Reproducible Analytical Pipelines

Laurie Platt, Giles Robinson, & Roland Lovatt

January 2024

Show & Tell series

Show & Tell outline


  1. What is RAP?
  2. RAP history & resources
  3. SCC example (Giles)
  4. RAP & PAS (Roland)
  5. RAP at Sheffield City Council
  6. Q&A (facilitated by Giles)

a. What is RAP?



“Reproducible Analytical Pipelines (RAP) is a cross-government movement promoted by the Government Analysis Function. It is a way of doing analysis so that it meets these principles, making processes more open and robust, enabling better quality assurance, improving knowledge management and business continuity. This ultimately increases the quality and trustworthiness of our analytical publications and facilitates innovation and collaboration within and outside government.”1

What is an Analytical Pipeline?

The ideal scenario


What is an Analytical Pipeline?

The reality…

What are the issues?


  • Lots of manual steps
  • Hard to reproduce
  • Mistakes are easily made and hard to track
  • The steps aren’t recorded
  • Using multiple independent tools
  • How do we keep track of which file versions people have?
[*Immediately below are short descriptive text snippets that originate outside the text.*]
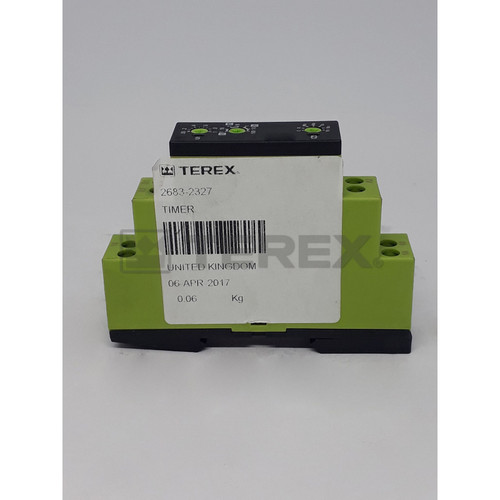 TIMER RELAY, 24V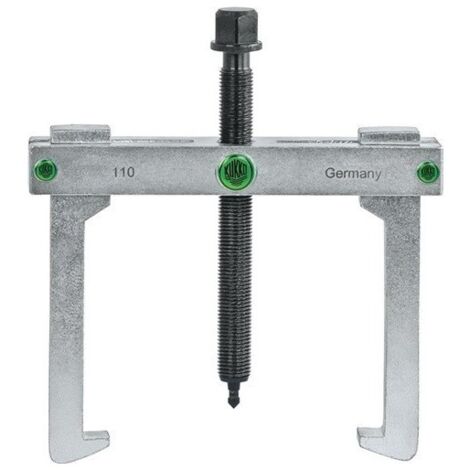 Extractor 110-10 profundidad de sujeción 100 mm ancho de sujeción 120 mm KUKKO
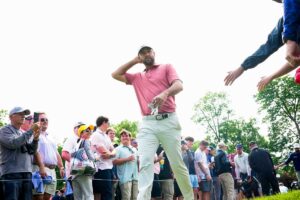 Scottie Scheffler Eyes to Join Tiger Woods with Memorial Win this Sunday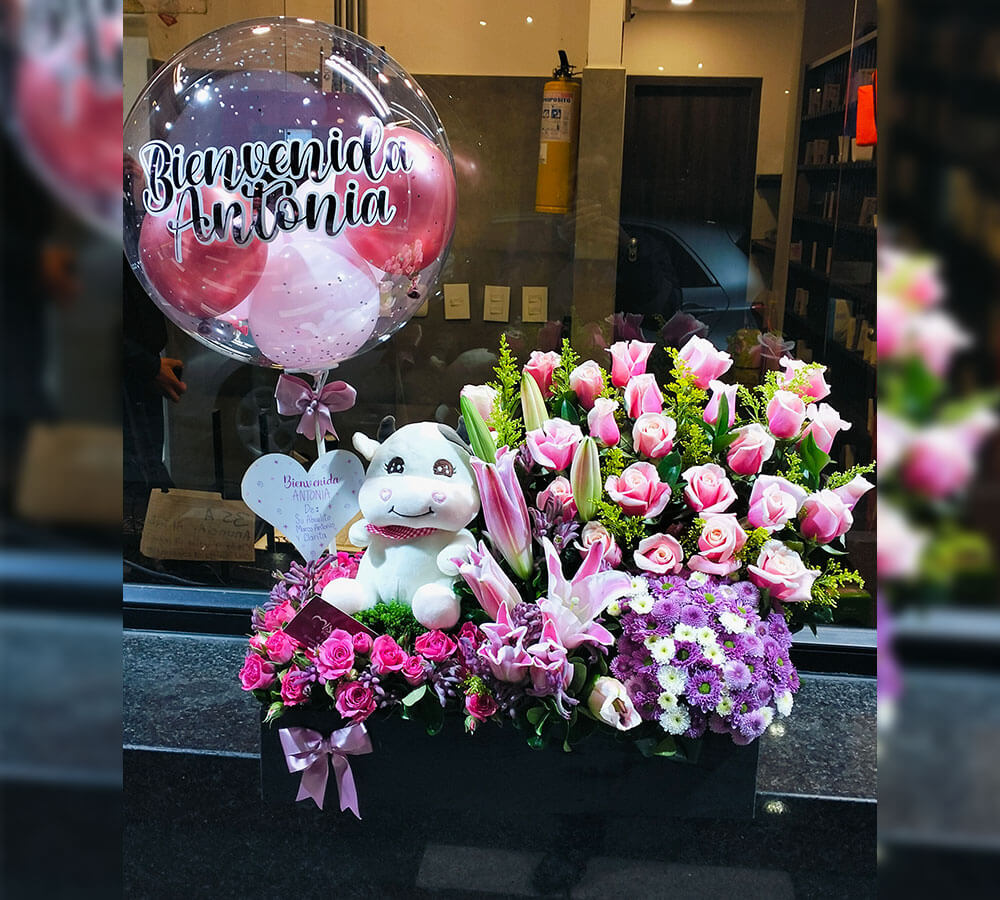 Floral Frutal 42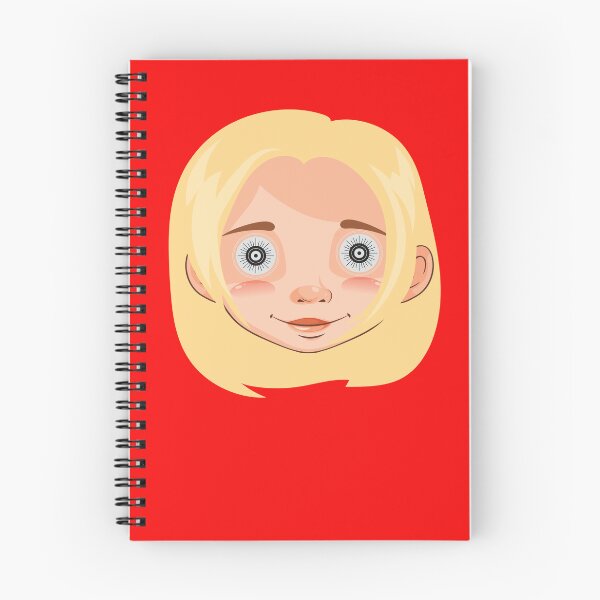 Artikelvorschau, Šviesiaplaukė mergaitė entworfen und verkauft von GraphicPastel.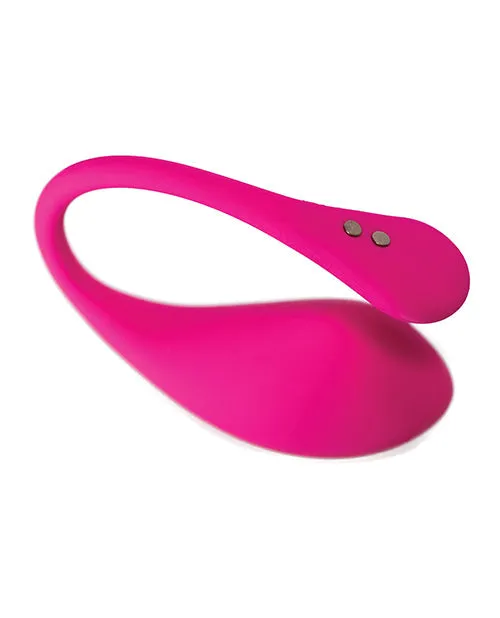 Vibrators | LOVENSE Lush 3.0 Sound Activated Camming Vibrator - Pink - LOVENSE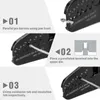 IWS-2820 460 PCS PH2.0 / XH2.54 Conjuntos Definidos Mini Micro Open Barrel Barrel Pliers Kit Ferramenta para Jam, Molex, Tyco, JST Terminal 211110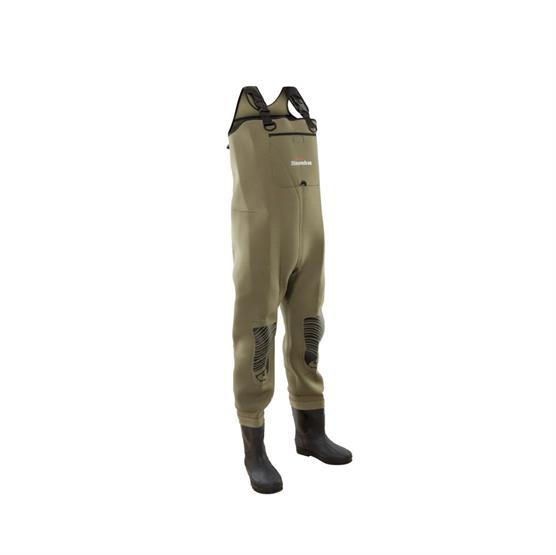 Snowbee Classic Neoprene Waders Cleated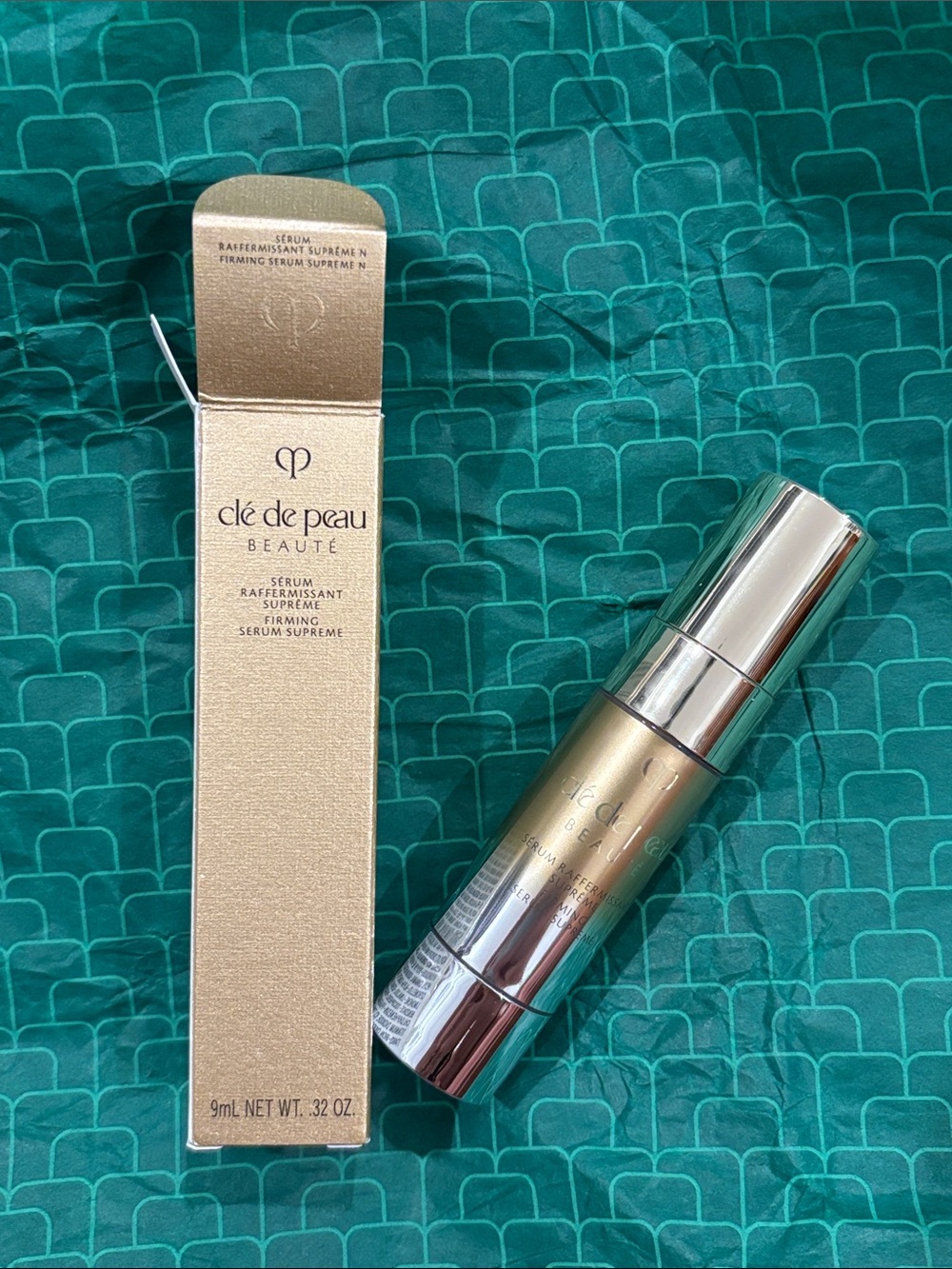 Cle De Peau Firming Serum Supreme 9ml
What do we mean by reproducible?


We want to look back and be able to repeat our work easily and quickly.

What are the benefits?

  • Helps build trust
  • Not reliant on single individual
  • Can be adapted and re-used

What is a Reproducible Analytical Pipeline (RAP)?


  • It is easily repeatable
  • It is easily extendable
  • It is automated
  • It minimises mistakes
  • It is fast
  • It builds trust

Principles & practices


Baseline RAP - getting the fundamentals right

  1. Minimises manual steps, for example copy-paste, point-click or drag-drop operations.
  2. Built using an open source code language e.g. R, Python, SQL.
  3. Code is version controlled e.g. Git.
  4. Code is peer reviewed.
  5. Documentation embedded and version controlled within the product e.g. repository includes a README.md file.
  6. Code is published in the open e.g. GitHub.

Further levels of RAP


Silver - implementing best practice

Reusable functions
Testing framework
Coding standards


Gold - analysis as a product

CI/CD (continuous integration and continuous delivery/deployment)
Semantic versioning (MAJOR.MINOR.PATCH e.g. 1.4.1 < 2.0.0)

b. RAP history and resources


2017

A number of government articles promoting open code, and what should and should not be published.

Matt Upson wrote the original blog post on RAP and helped develop “the first RAP”.


2018

The Government Digital Service (GDS) Data Science team continued to develop RAP prior to it moving across to the ONS/Analytical Function.

Matt Gregory put together the original RAP companion and an Introduction to RAP online course.

DevOps and reproducible research


The original blog post on RAP took:

“inspiration from the fields of DevOps and reproducible research1.


The principles and practices of reproducible research are superbly set out in the Turing Way book, from the Alan Turing Institute.


2022

Goldacre Review talks extensively about RAP.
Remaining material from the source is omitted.